In the records below, find the line with "Alfabet Madagaskaru spotkanie" and the line with "Shooting with Baikal IZH 18 410 or 36 Gauge". Print both exactly, along with every line between them, and no other line.

_Provided material_.
══════════════════════════════
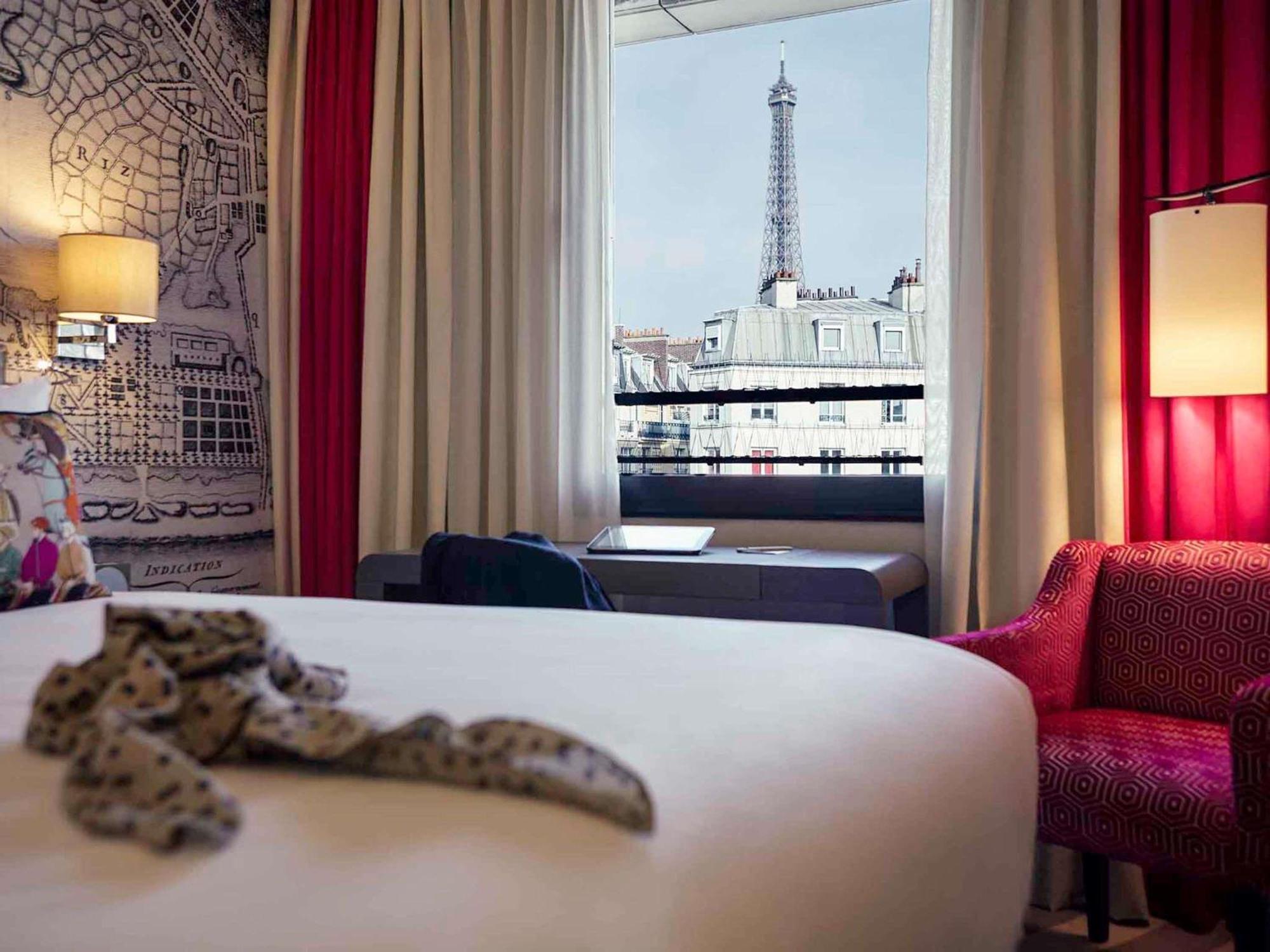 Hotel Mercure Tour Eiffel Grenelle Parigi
══════════════════════════════
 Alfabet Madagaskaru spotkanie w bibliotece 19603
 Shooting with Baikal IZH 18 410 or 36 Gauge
══════════════════════════════
_Solution to this exercise_.
 Alfabet Madagaskaru spotkanie w bibliotece 19603
 Shooting with Baikal IZH 18 410 or 36 Gauge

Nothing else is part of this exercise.